Claudia Cardinale esteve aqui na semana passada e falou sobre outro grande da Itália...

Isabelle Huppert - ...Viscontí?

...Não, Mauro Bolognini, com quem você fez A Dama das Camélias. Que lembrança você guarda desse filme?

Isabelle Huppert - Foi bastante estranho. Eu no papel de uma grande heroína romântica. Mas Maurô queria justamente desmistificar a dama de Greta Garbô. Não creio que o filme tenha sido devidamente apreciado, mas Maurô era um esteta, e inteligente, sensível.

São definições que se podem aplicar a Bob Wilson?

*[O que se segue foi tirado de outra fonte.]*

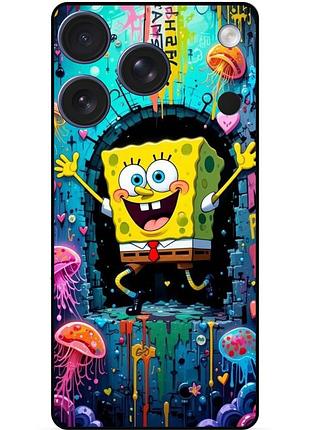Силиконовый чехол бампер для iphone 17 pro с картинкой sponge bob губка боб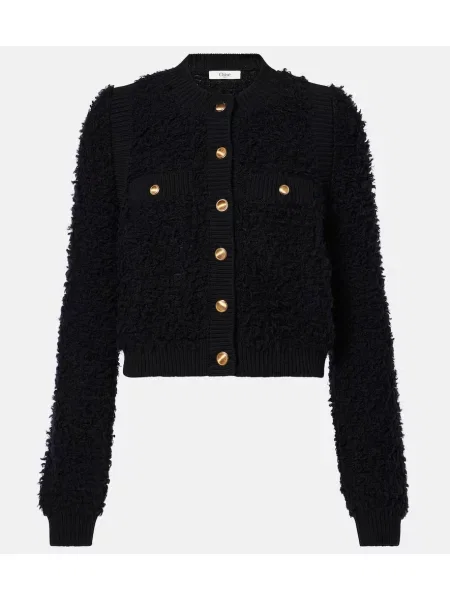 Geacă Chloé din tweed negru
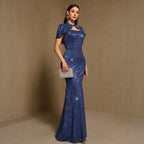 Navy blue maxi dress, chest cutout, short sleeves, fitted mermaid shape
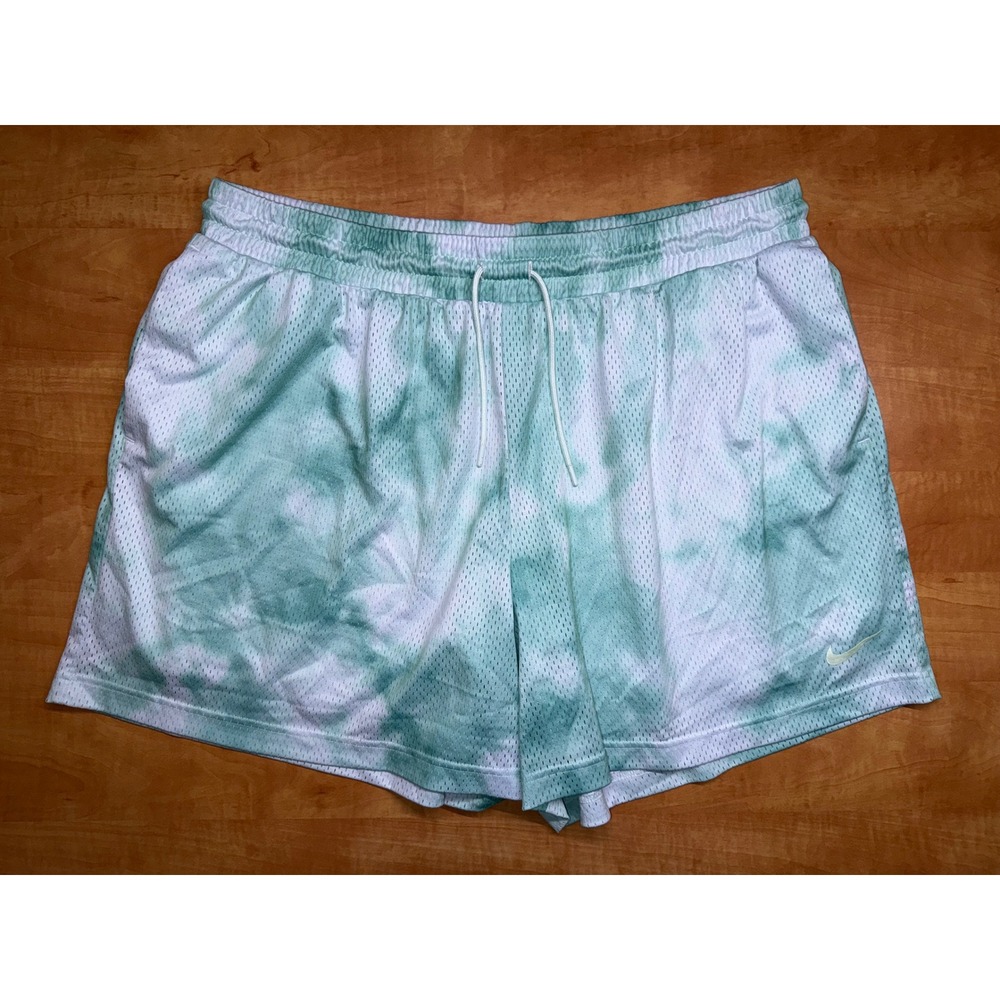Nike Womens 1X Tie Dye Mesh Athletic Shorts Green White Drawstring Pockets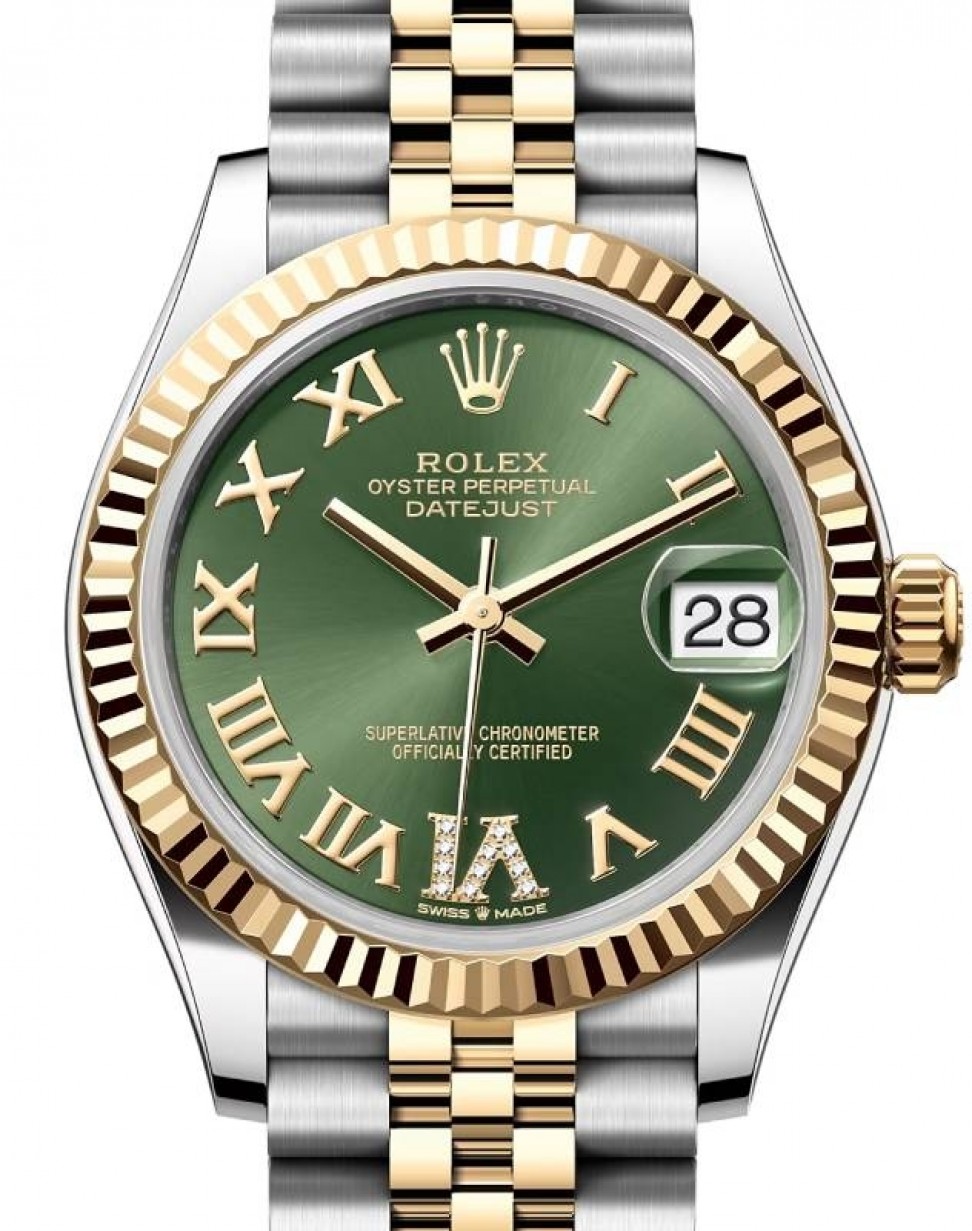Rolex Lady-Datejust 31 Yellow Gold/Steel Olive Green Roman Diamond VI Dial  & Fluted Bezel Jubilee Bracelet 278273 - BRAND NEW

Isabelle Huppert - Bob é maior que isso. O teatro nunca mais foi o mesmo depois que ele ressuscitou o sonho dos surrealistas com Deafman Glance, sua ópera sem música, de 1971. Louis Aragon ficou em êxtase e disse que havia visto o futuro do teatro. O que ele faz em São Paulo?

Esta semana, monta A Ópera dos Três Vinténs, de Brecht. E logo serão a Lulu de Wedekind e o Macbeth de Verdi, que pretendo ver...

Isabelle Huppert - Mas você precisa ver. Absolutamente. Bob é gênio. E é um ser humano formidável.

O que você faz em Bruxelas?

Isabelle Huppert - Filmo com Catherine Breillat. Há alguns anos, ela sofreu um derrame e, vulnerável, se entregou a um escroque que roubou seu dinheiro. O caso foi parar na Justiça e agora vira uma ficção da própria Catherine.

O que você tem visto, e lido, de bom?

Isabelle Huppert - Vi Looper, um filme hollywoodiano com Bruce Willis, assez remarquable. E leio L'Âme de Fond, de minha amiga Linda Lê, que foi finalista no Goncourt. Ela não ganhou, mas o livro é maravilhoso. Trata da morte de um homem, contada por ele e suas três mulheres.